Probably the biggest difference in my internal definitions of these words is that fact that a website is self-contained – it might have elements of external content but it is clearly the editorial property of the domain owners – which means they also control the purpose. Webspaces on the other hand are formed by the aggregation of content from the users and are therefore not editorially controlled.
Secondly I see webspaces as being primarily social – they are defined by the interactions between people – where websites are more likely to focus on non-user generated content. This makes the potential for co-production in a webspace greater than the potential within a website.
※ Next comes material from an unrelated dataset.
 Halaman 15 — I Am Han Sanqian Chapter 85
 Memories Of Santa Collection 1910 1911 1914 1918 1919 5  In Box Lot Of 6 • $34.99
But finally I think the move into more architectural metaphors – the use of the word space rather than a more technical description – starts to bring in the thought that what is being created is more than the technology – and that it has more of an identity of its own. In the real world the difference between a site and a space is one which we all recognize but actually the definitions are not actually that different:
- site noun (PLACE): a place where something is, was, or will be built, or where something happened, is happening, or will happen
- space noun (EMPTY PLACE): [C or U] an empty area which is available to be used
Perhaps the difference is that a site is there for something to be built but the word space offers us potential for greater opportunities – perhaps this is why the word suits social web activity better than the more practical word ‘site’ – we want to talk about the potential and impact rather than just the building blocks. The sense of potential comes from the, in one sense, infinite nature of space, and in another sense, from the sense of emptiness. It is a more grandisose and open term than site as a result seems to better suit the grandiose ambitions that can be talked about with respect to social web.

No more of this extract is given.